Monday, July 20, 2009

What Am I Doing?

I'll be asking myself that question a lot. Here's what I plan to be doing, sound bite version. the ancient city of Varanasi is a good place to see a piece of modern India that's still deeply in touch with its traditional roots and to observe how that connection is expressed in public space. In the United States religious observances take place almost entirely indoors, and rarely manifest themselves in parades and festivals. Those are reserved for other kinds of celebrations, often patriotic ones. Pilgrimages are, for the most part, unheard of. We also have strict rules about the collusion of state and religion in public space, which animates, at the very least, what some religious folks would call a hostility to religion. I wouldn't go that far, but official indifference toward religion may be a more powerful way of depleting its force over the long run and certainly keeps the peace better.

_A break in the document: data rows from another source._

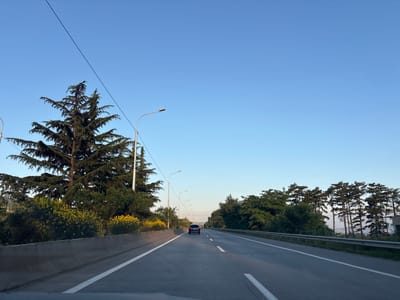The image shows a view from a car traveling on a highway in the early morning or late afternoon. The sky is clear and blue, with a faint haze in the distance. Tall evergreen trees line both sides of the road, with some smaller bushes and flowering plants on the left. A concrete barrier separates the lanes, and lampposts are visible along the side of the road. A dark-colored SUV is driving in front of the camera. The highway appears to be in a semi-rural or suburban area, possibly on the outskirts of Gorovani, Georgia.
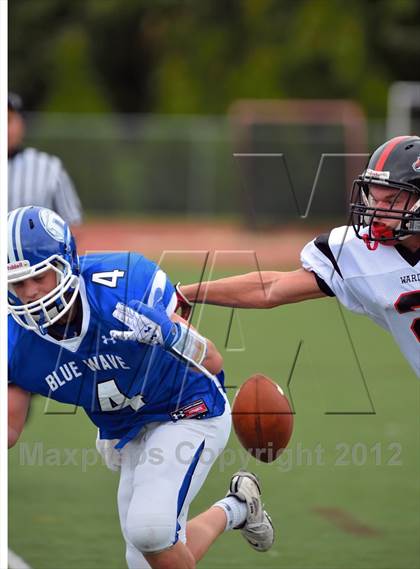 Thumbnail 3 in Warde @ Darien photogallery.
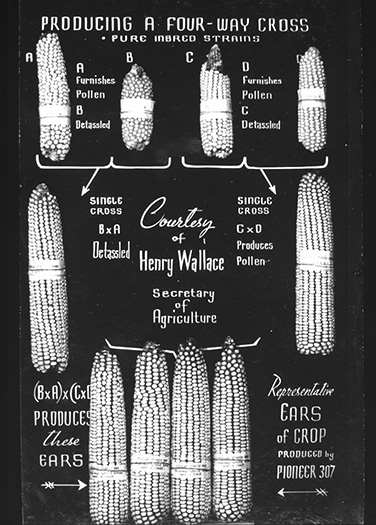 The earliest commercial hybrids were double-crosses with two pairs of inbred parent lines The earliest commercial hybrids were double-crosses with two pairs of inbred parent lines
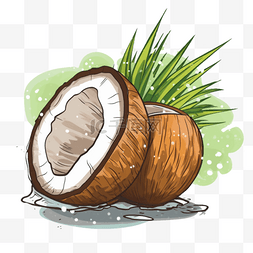 雨珠椰子图片_扁平插画手绘免抠元素椰子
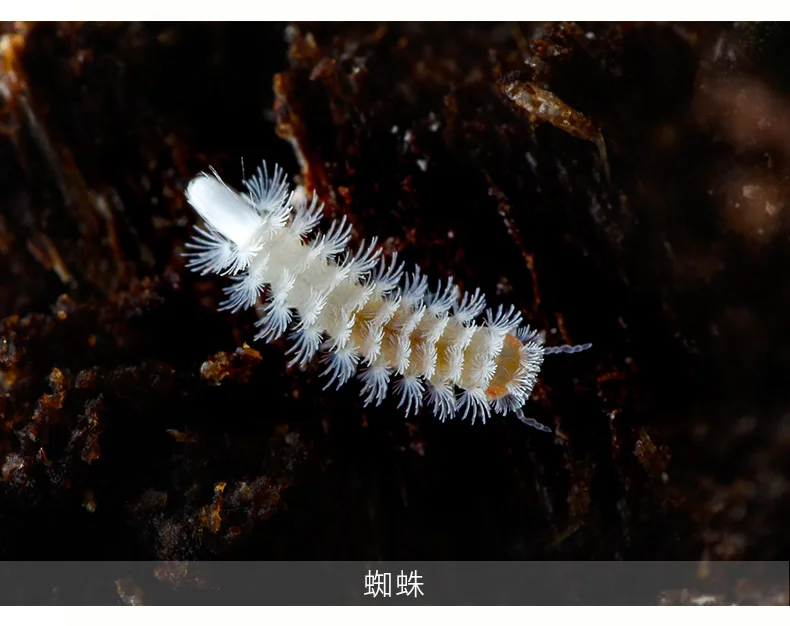 O1CN01AEtEsL1M45APM8TrL_!!2583301380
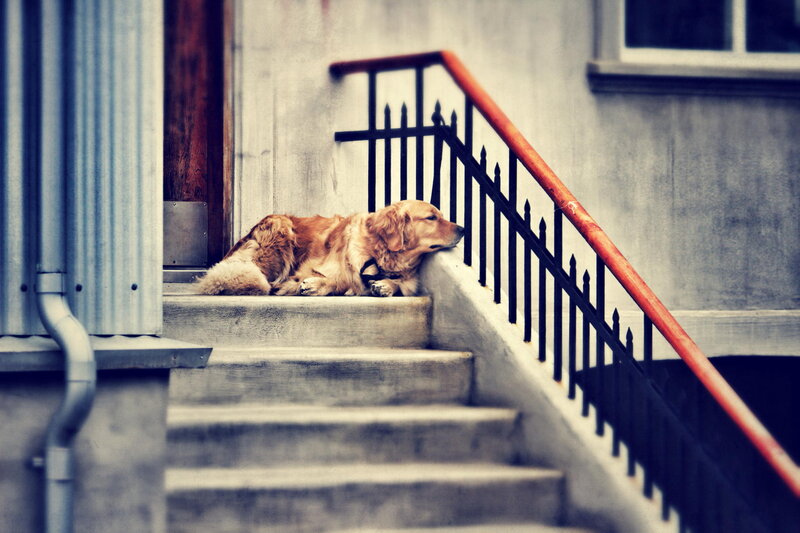 Golden Retriever Dog — Gray, Calm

As a political matter, religion is often publicly discussed, but the rites that embody it are private in the sense of lacking any official character. U.S. national rites, which often borrow religious trappings, are another thing altogether. And therein lies the interest. What a culture does in public it is officially interested in and approves of. National religion, or patriotism, is welcome in the public space of the U.S.; sectarian or confessional religion is not. South Asia and southeast Asia (as my focus) are quite different. To be continued........

Friday, July 17, 2009

Why I'm Writing







I'm writing for lots of reasons. Not the least is having a good excuse to experiment with a new-media platform for recording the development of my own interests and perhaps those of others, during a nine-month jaunt (sounds cheerful, and it is) to Varanasi/Benaras/Avimutka/Kashi, the many-lived city of Light, of Shiva, holy to all Hindus. As a newbie blogger, it will probably take a bit of time for me to find my feet, both in the technical operation of the site and in the voice I'm taking on. The topic is an adventure for me, combining long-standing interests in ritual communication associated with both religion and nationalism, and public space as an arena of social and cultural production, and taking these to a non-Western culture where these things are inextricably linked. This picture was taken in July, 2009, by my friend Kyle Cassidy, author of the terrific Armed America: Portraits of Gun Owners in Their Homes. Kudos as well to the excellent Chris Holland, of Annenberg's IT staff, who has helped me learn how to do this.